"""
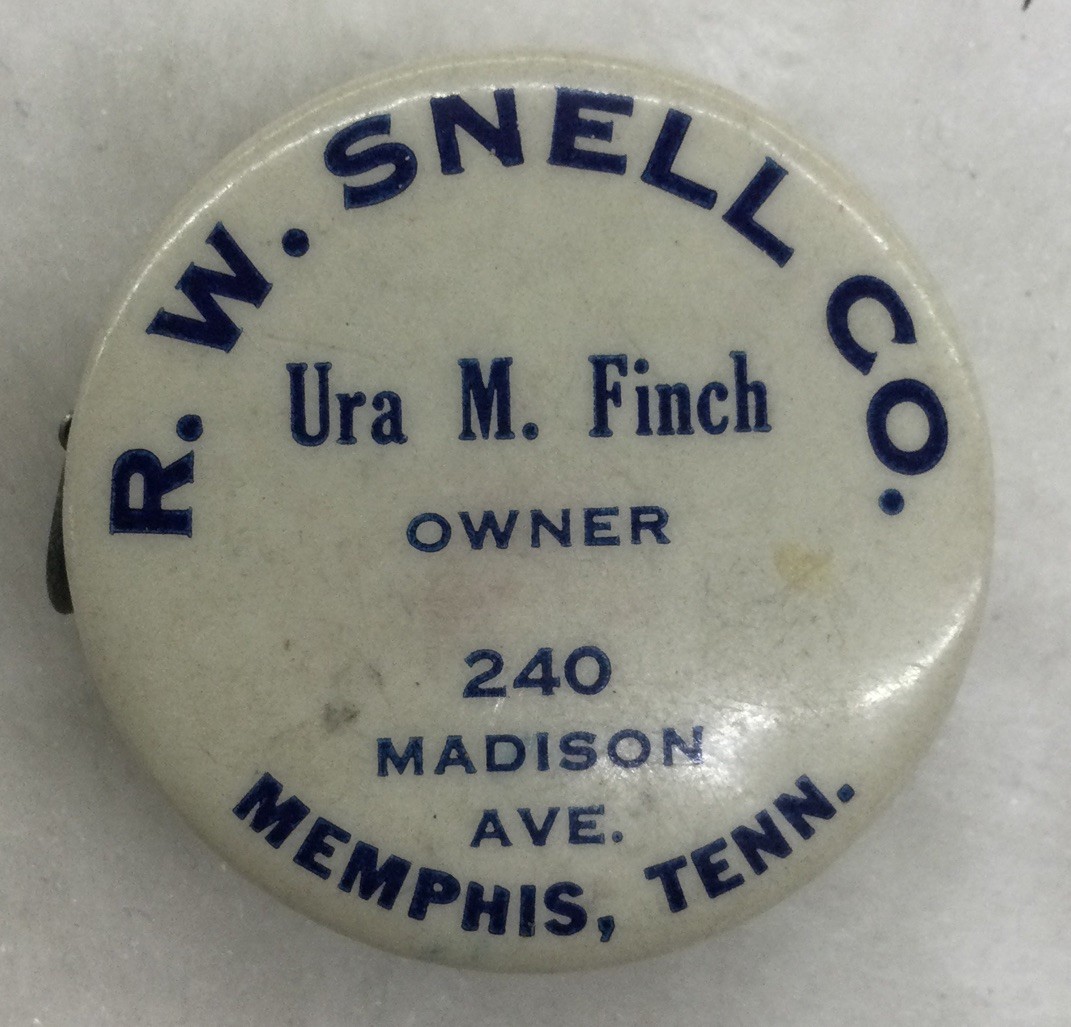 Vintage R.W. Snell Co., Urn M. Finch Owner, 1.5” Wide Tape Measure, Preowned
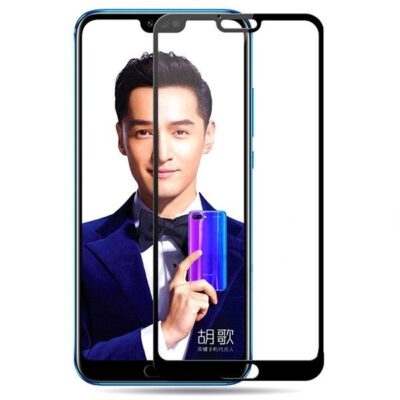 5D juodas apsauginis ekrano stikliukas Huawei Honor 10 su pilnai padengiančiu dizainu ir juoda apdaila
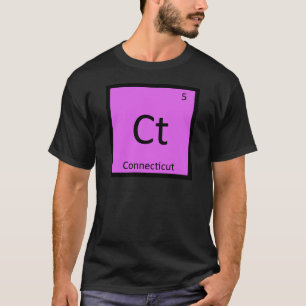 T-shirt Ct - Tabela Periódica de Química do Estado de Conn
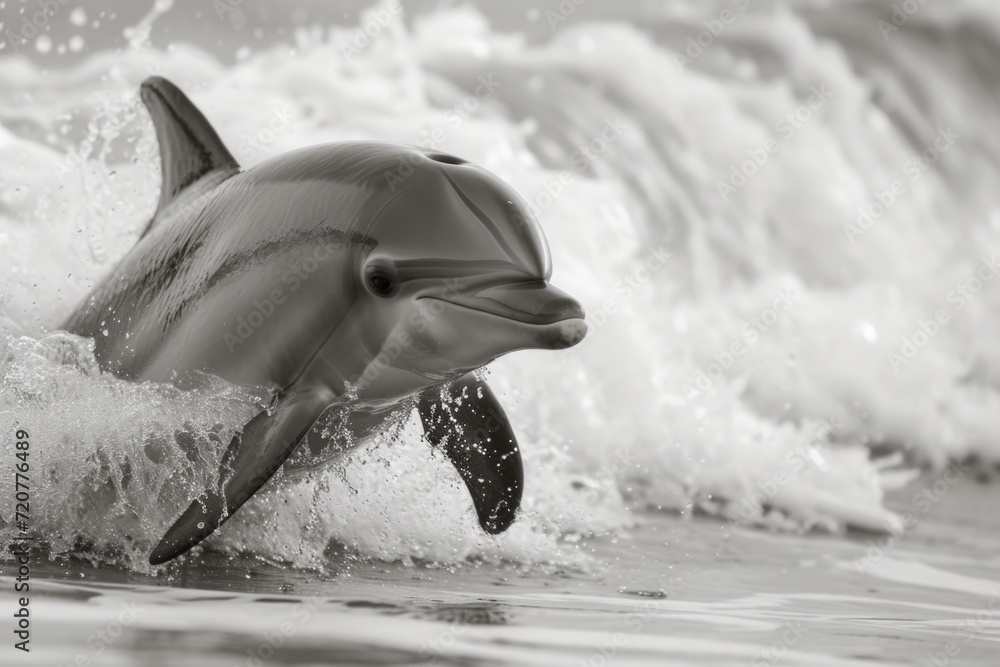 Poster A captivating black and white photo capturing the graceful movement of a dolphin in the water. Ideal for aquatic-themed projects or adding an elegant touch to any design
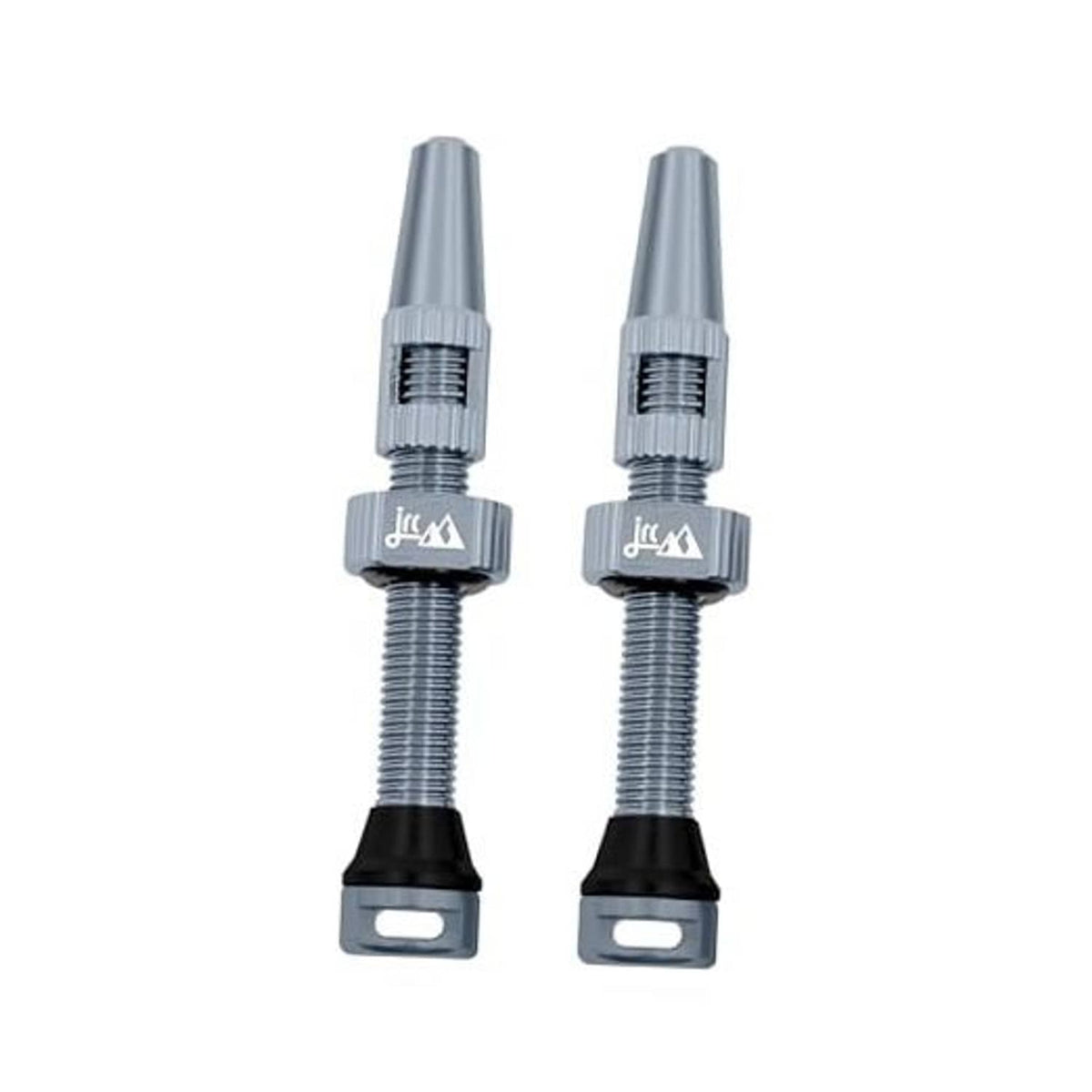 Gunmetal Presta tubeless valve stem pair with knurled metal body and black base.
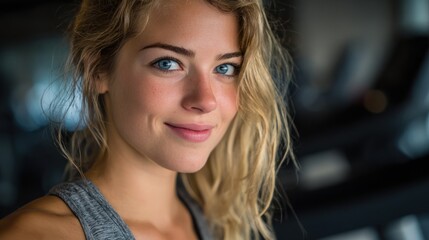 Portrait of a Smiling Woman with Blonde Hair and Blue Eyes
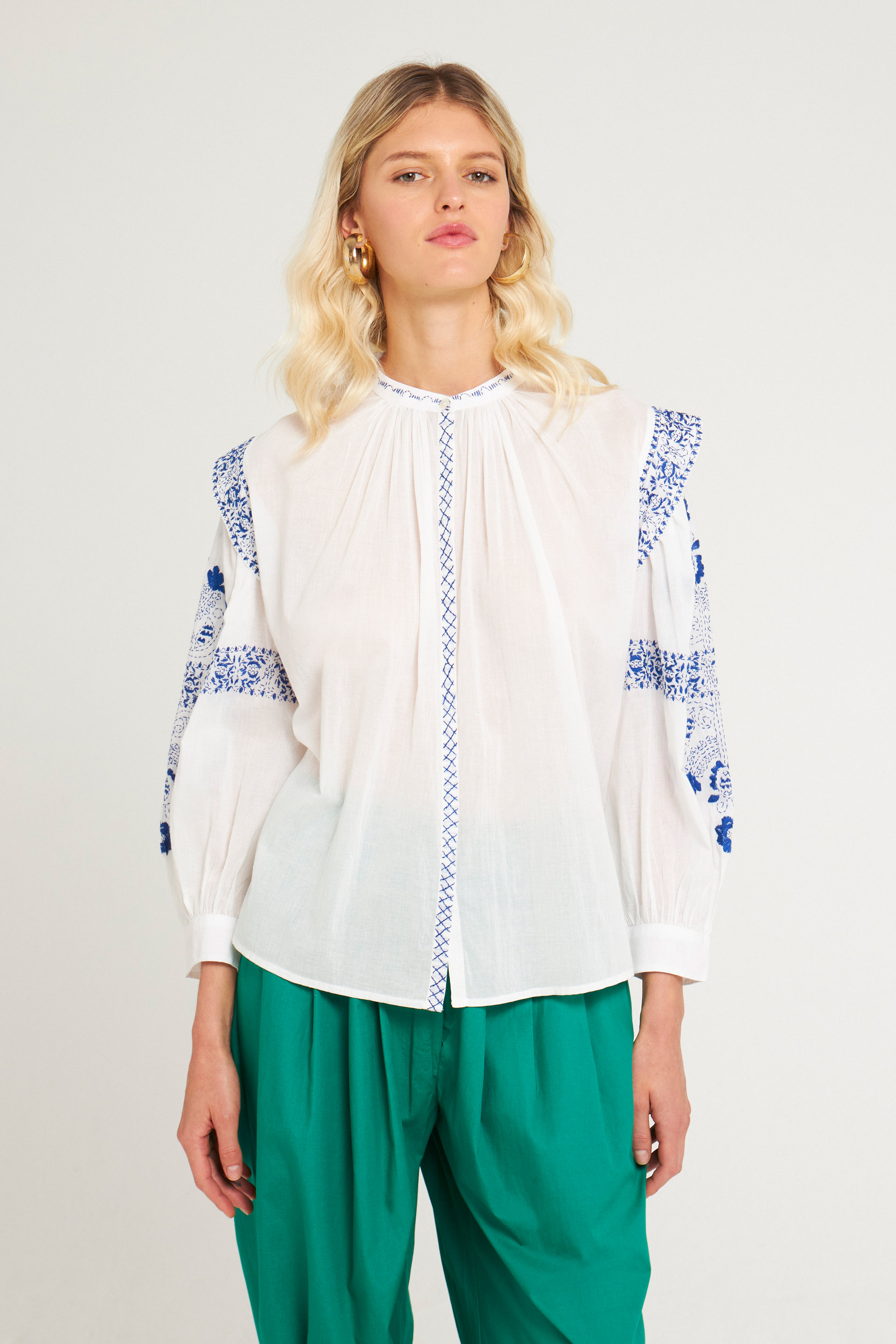 White embroidered blouse | Cotton embroidered blouse | ANTIK BATIK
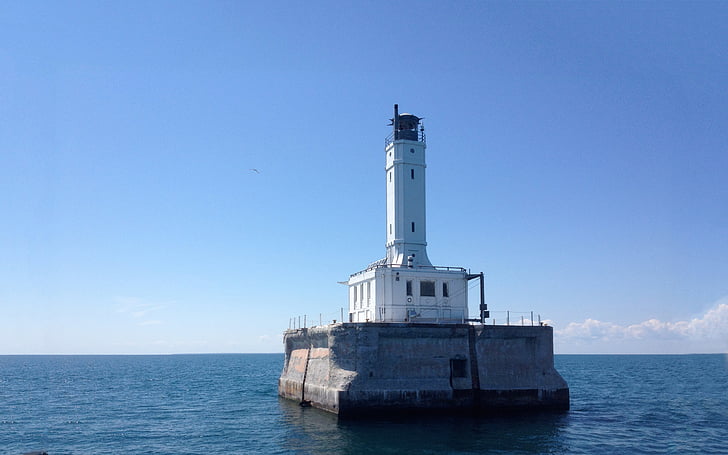 Lighthouse, søen, blå, Sky, naturskønne, vartegn, Michigan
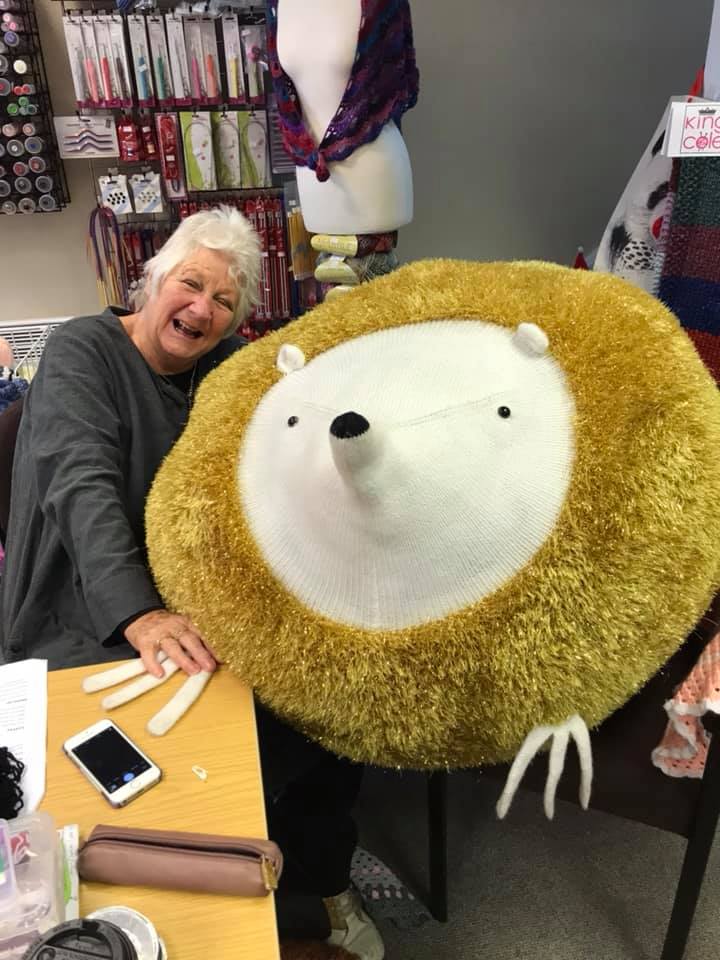 "He's huge &amp; the customers loved him!" Why thank you, Knotty Knits &amp; Kreative Krafts 😄 #SpikeOnTour #knottyknits #gianthedgehog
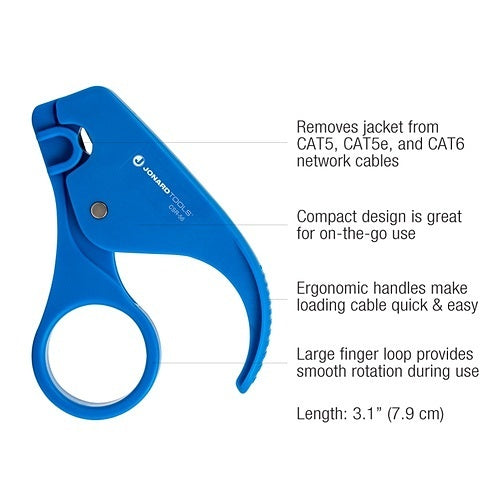 Jonard Tools CSR-56 CAT/TP Cable Stripper, Blue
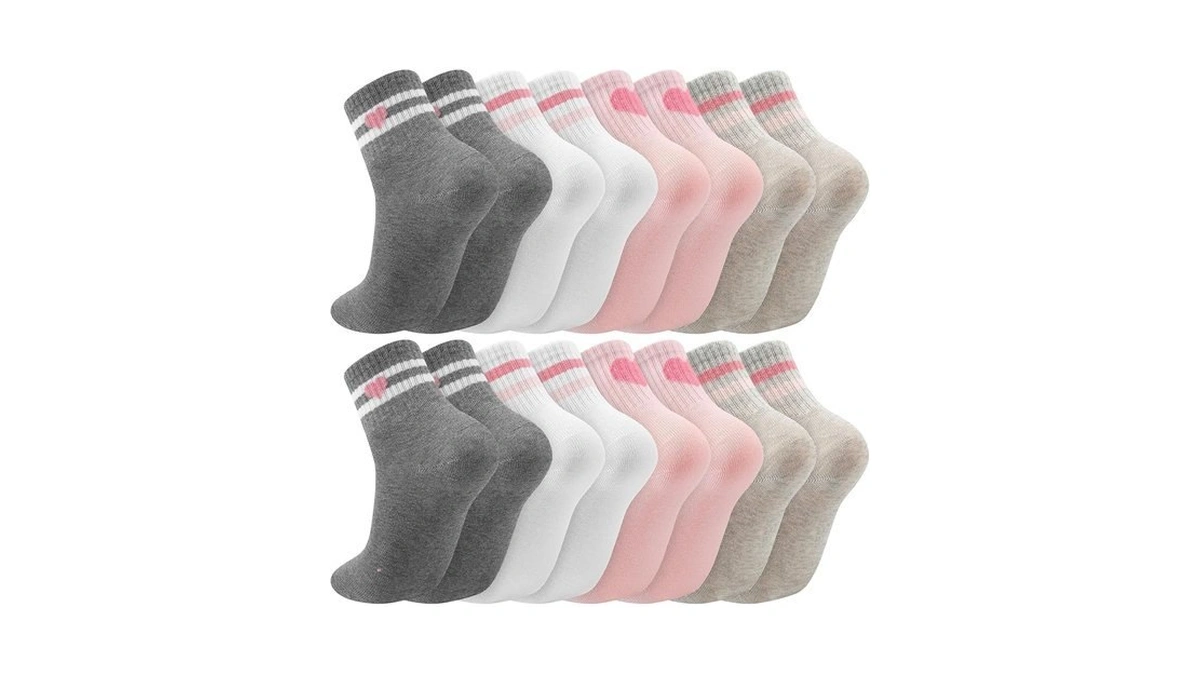 Jspupifip 8 Pairs Kids Girls Pink White Gray Crew Athletic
"""
* **THE PROBLEM**:
The listing above must be restated word for word. Its pictures are to be left out.

* **RESULT**:
 Vintage R.W. Snell Co., Urn M. Finch Owner, 1.5” Wide Tape Measure, Preowned
 5D juodas apsauginis ekrano stikliukas Huawei Honor 10 su pilnai padengiančiu dizainu ir juoda apdaila
 T-shirt Ct - Tabela Periódica de Química do Estado de Conn
 Poster A captivating black and white photo capturing the graceful movement of a dolphin in the water. Ideal for aquatic-themed projects or adding an elegant touch to any design
 Gunmetal Presta tubeless valve stem pair with knurled metal body and black base.
 Portrait of a Smiling Woman with Blonde Hair and Blue Eyes
 White embroidered blouse | Cotton embroidered blouse | ANTIK BATIK
 Lighthouse, søen, blå, Sky, naturskønne, vartegn, Michigan
 "He's huge &amp; the customers loved him!" Why thank you, Knotty Knits &amp; Kreative Krafts 😄 #SpikeOnTour #knottyknits #gianthedgehog
 Jonard Tools CSR-56 CAT/TP Cable Stripper, Blue
 Jspupifip 8 Pairs Kids Girls Pink White Gray Crew Athletic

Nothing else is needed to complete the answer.